If I understand the OP correctly, I will use this real world example: https://onestep.net/communities/as174/ 174:3001 through 174:3003 as compared to doing the prepending yourself. What is the functional difference? BGP neighbors of 174 will see just as many AS hops either way, but non-BGP customers of 174 would see you just one hop away. It's just another method of traffic engineering. ----- Mike Hammett Intelligent Computing Solutions http://www.ics-il.com Midwest-IX http://www.midwest-ix.com ----- Original Message ----- From: "Jason Lixfeld" <jason+nanog@lixfeld.ca> To: "William Herrin" <bill@herrin.us> Cc: "NANOG" <nanog@nanog.org> Sent: Thursday, October 26, 2017 1:47:44 PM Subject: Re: What's the point of prepend communities?
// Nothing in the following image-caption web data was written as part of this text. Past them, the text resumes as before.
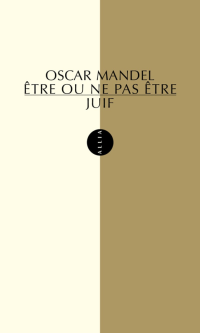 Oscar Mandel [MANDEL, Oscar] — Etre ou ne pas être juif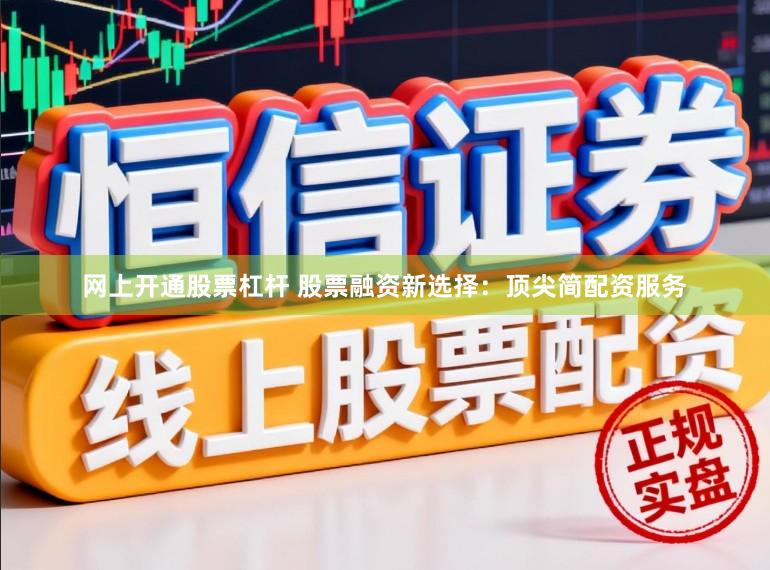网上开通股票杠杆 股票融资新选择：顶尖简配资服务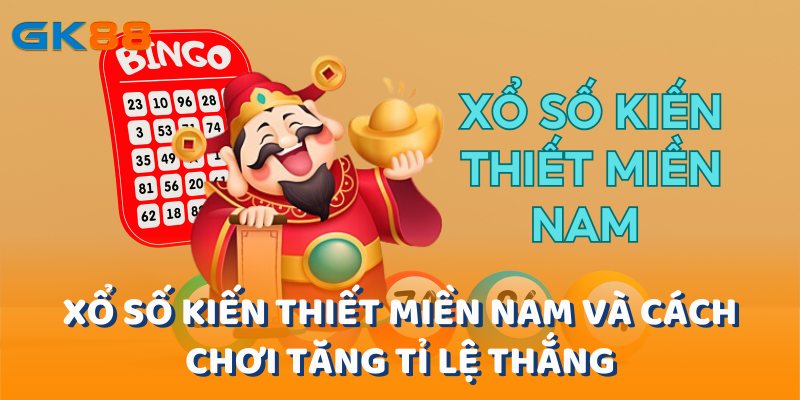 Xổ Số Kiến Thiết Miền Nam Và Cách Chơi Tăng Tỉ Lệ Thắng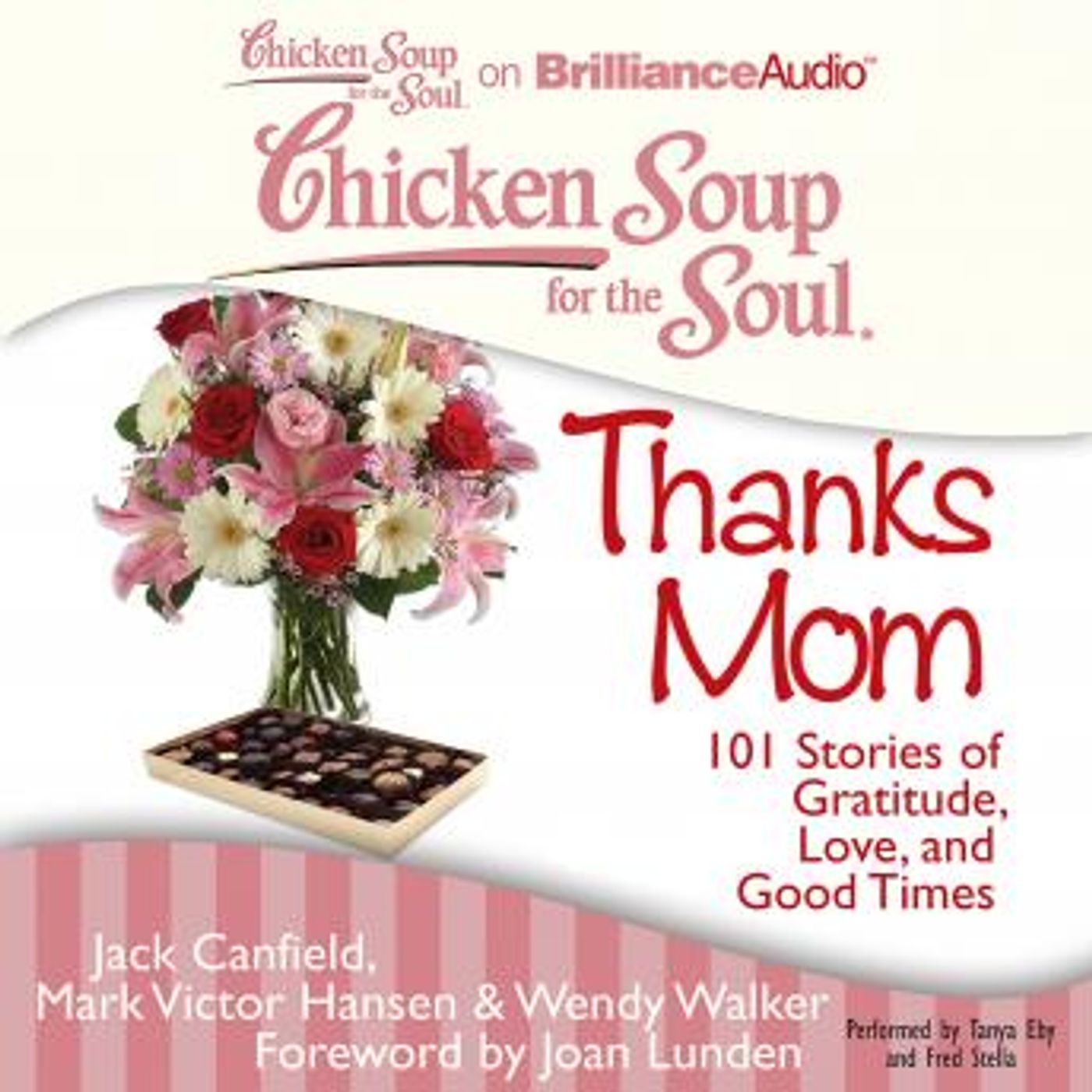 Chicken Soup for the Soul: Thanks Mom: 101 Stories of Gratitude, Love, and Good Times by Wendy Walker, Jack Canfield, Mark Victor Hansen episode artwork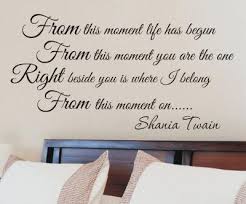 Shania Twain from this moment wall quote decal music words ... via Relatably.com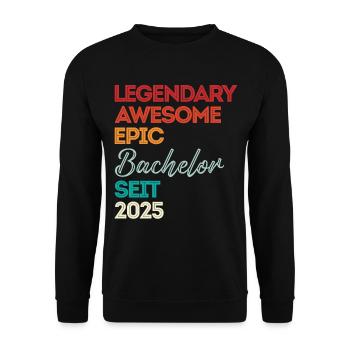 Bachelor 2025 Legendary Awesome Epic Seit 2025 - Unisex Pullover - Schwarz - Vorne - Alina (178cm) & Michal (187cm)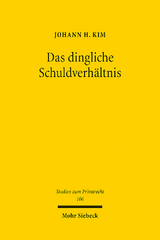 Das dingliche Schuldverhältnis - Johann H. Kim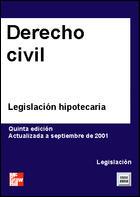 DERECHO CIVIL LEGISLACION HIPOTECARIA (2001) | 9788448133306 | CUADRADO IGLESIAS, MANUEL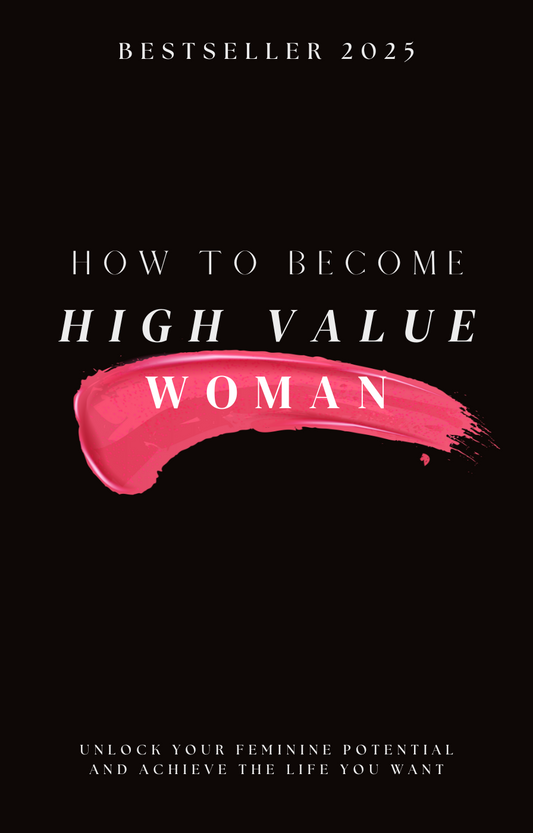 Become A High Value Woman To Play In Your Own Rules - E-book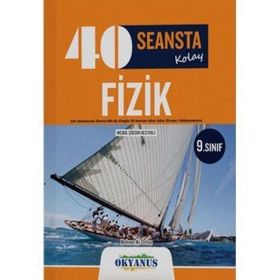 9. Sınıf 40 Seansta Fizik Konu Anlatımı-Soru Bankası - Okyanus Yayınları
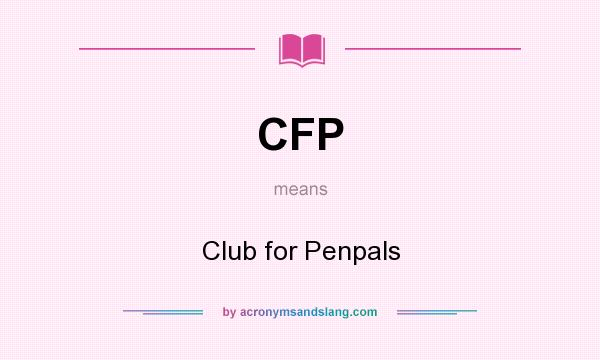 What does CFP mean? It stands for Club for Penpals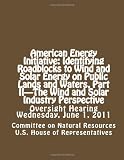 Image de American Energy Initiative: Identifying Roadblocks to Wind and Solar Energy on Public Lands and Waters, Part II—The Wind and Solar Industry Perspect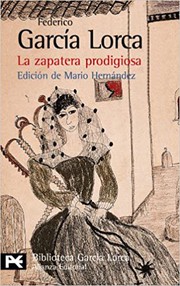 La zapatera prodigiosa : farsa violenta con bailes y canciones populares de los siglos XVIII y XIX en dos partes, con un solo intervalo ; Fin de fiesta /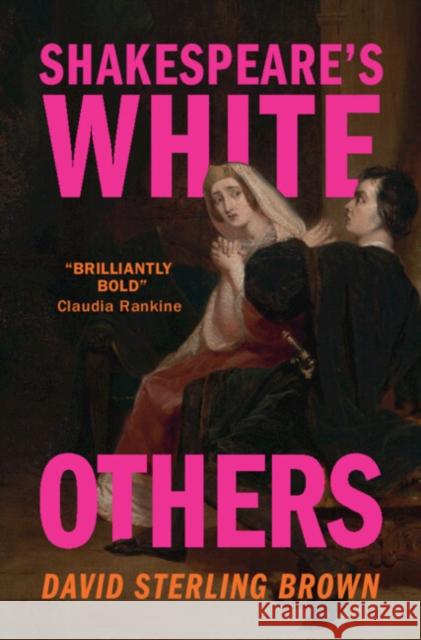 Shakespeare's White Others David Sterlin 9781009384162 Cambridge University Press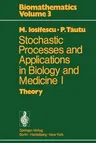 Stochastic Processes and Applications in Biology and Medicine I: Theory (Softcover Reprint of the Original 1st 1973)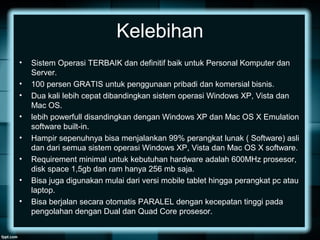 Kelebihan
• Sistem Operasi TERBAIK dan definitif baik untuk Personal Komputer dan
Server.
• 100 persen GRATIS untuk penggunaan pribadi dan komersial bisnis.
• Dua kali lebih cepat dibandingkan sistem operasi Windows XP, Vista dan
Mac OS.
• lebih powerfull disandingkan dengan Windows XP dan Mac OS X Emulation
software built-in.
• Hampir sepenuhnya bisa menjalankan 99% perangkat lunak ( Software) asli
dan dari semua sistem operasi Windows XP, Vista dan Mac OS X software.
• Requirement minimal untuk kebutuhan hardware adalah 600MHz prosesor,
disk space 1,5gb dan ram hanya 256 mb saja.
• Bisa juga digunakan mulai dari versi mobile tablet hingga perangkat pc atau
laptop.
• Bisa berjalan secara otomatis PARALEL dengan kecepatan tinggi pada
pengolahan dengan Dual dan Quad Core prosesor.
 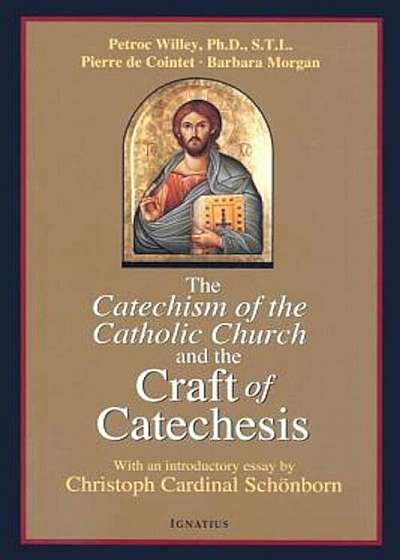 Catechism of the Catholic Church and the Craft of Catechesis, Paperback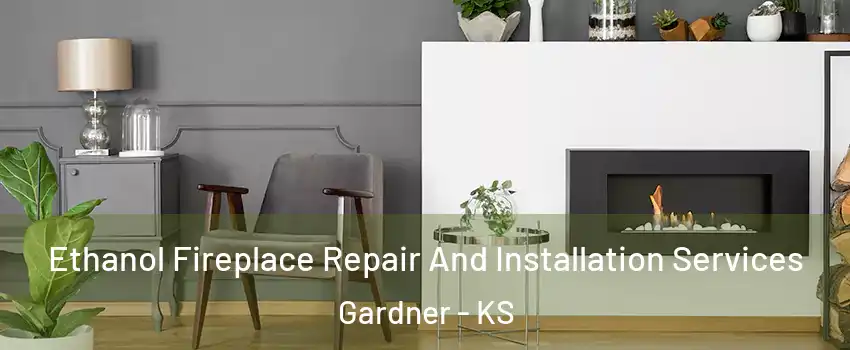  Ethanol Fireplace Repair And Installation Services Gardner - KS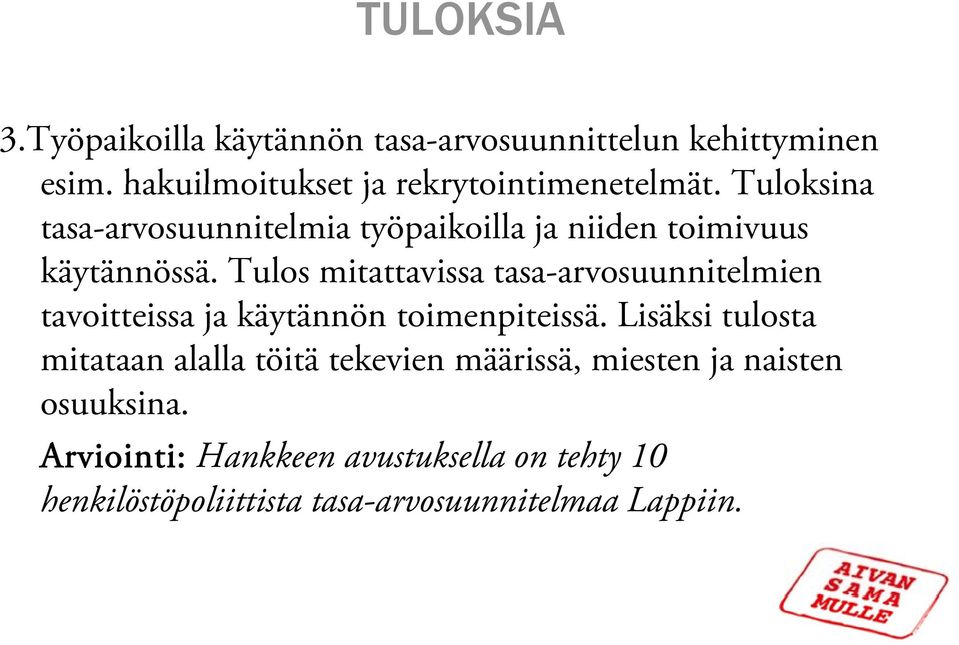 Tulos mitattavissa tasa-arvosuunnitelmien tavoitteissa ja käytännön toimenpiteissä.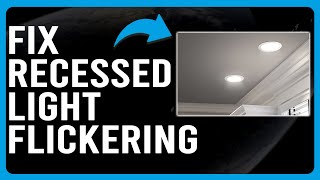 How To Fix Recessed Light Flickering Why Is My Recessed Light Flickering  Solved Instantly [upl. by Yarised635]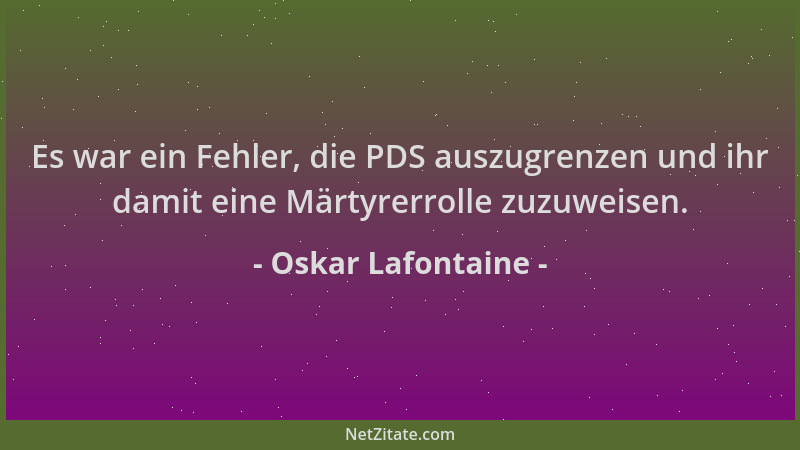 Oskar Lafontaine - Es war ein Fehler, die PDS auszugrenzen und ihr damit eine Märtyrerrolle zuzuweisen....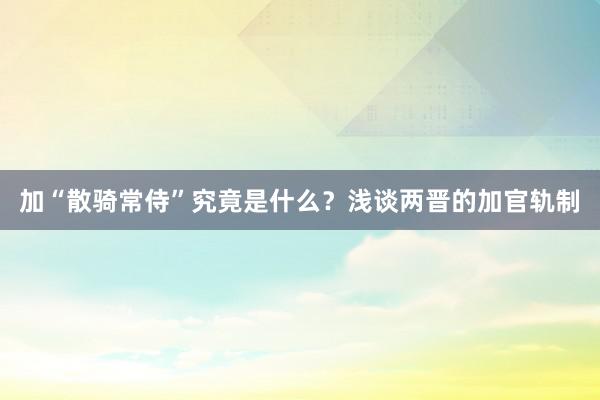 加“散骑常侍”究竟是什么？浅谈两晋的加官轨制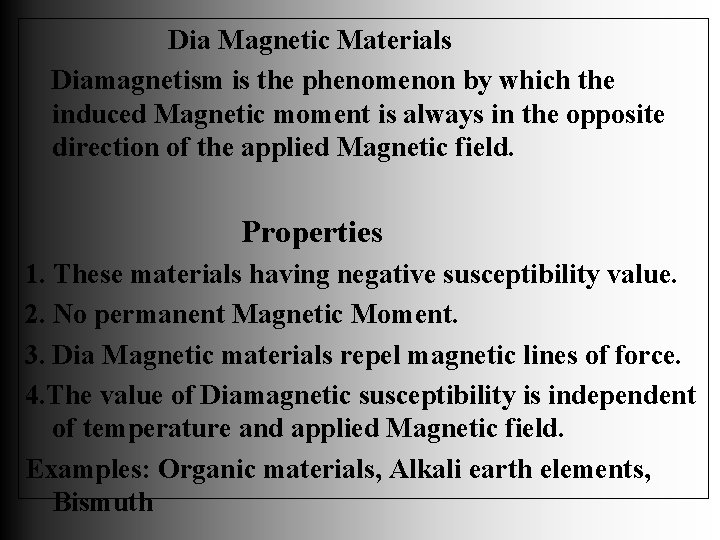 Dia Magnetic Materials Diamagnetism is the phenomenon by which the induced Magnetic moment is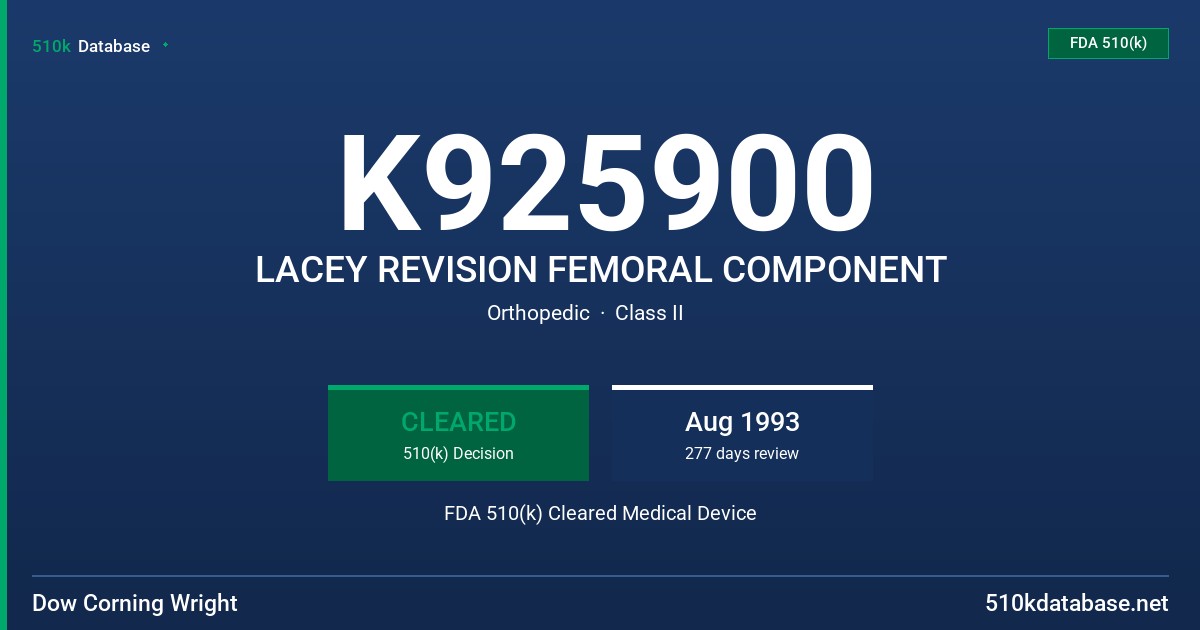 K925900 LACEY REVISION FEMORAL COMPONENT FDA 510(k) Cleared Medical Device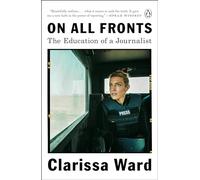 Clarissa Ward On All Fronts (Tascabile)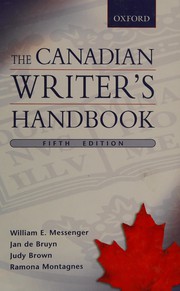Cover of: The Canadian writer's handbook by William E. Messenger ... [et al.].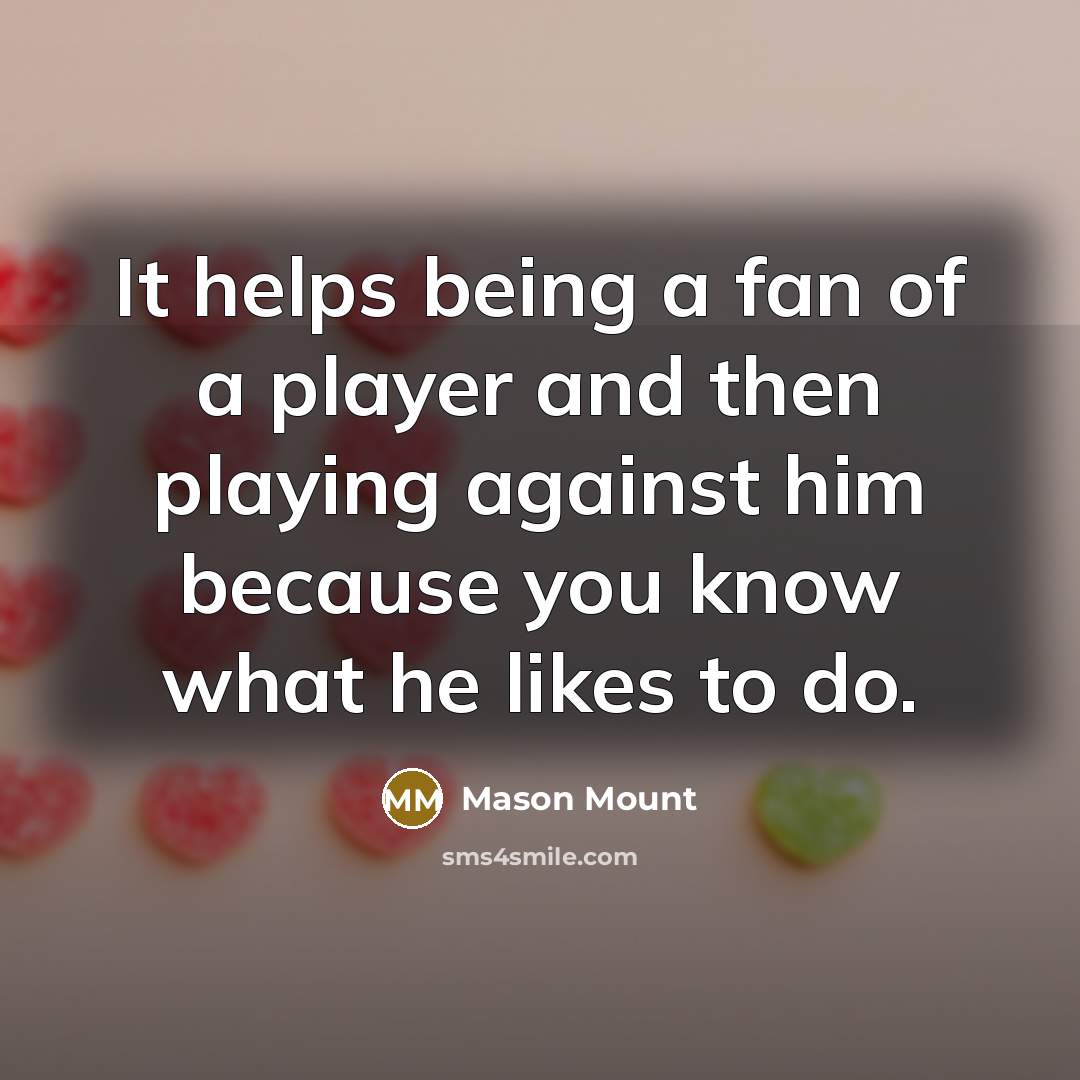 “It helps being a fan of a player and then…” quote by Mason Mount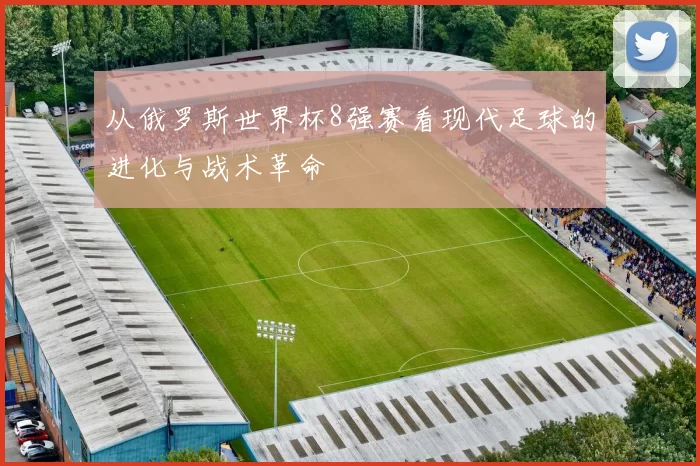 从俄罗斯世界杯8强赛看现代足球的进化与战术革命
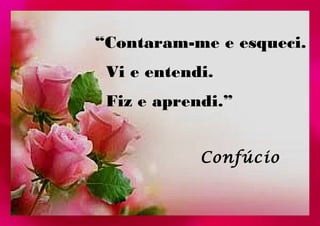 “Contaram-me e esqueci. 
Vi e entendi. 
Fiz e aprendi.” 
Confúcio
Hi Bill,
On Oct 26, 2017, at 2:37 PM, William Herrin <bill@herrin.us> wrote:
BGP routing is based on "distance". Distance in BGP is primarily calculated as the number of ASNs in the AS Path. Prepends make a path more distance, encouraging routers to choose a different path if one is available.
I understand how prepends fit in the context of best path selection, but my question was more the difference between a customer signalling the ISP to prepend their AS using a BGP community stamped to a prefix vs. the customer prepending their own AS instead.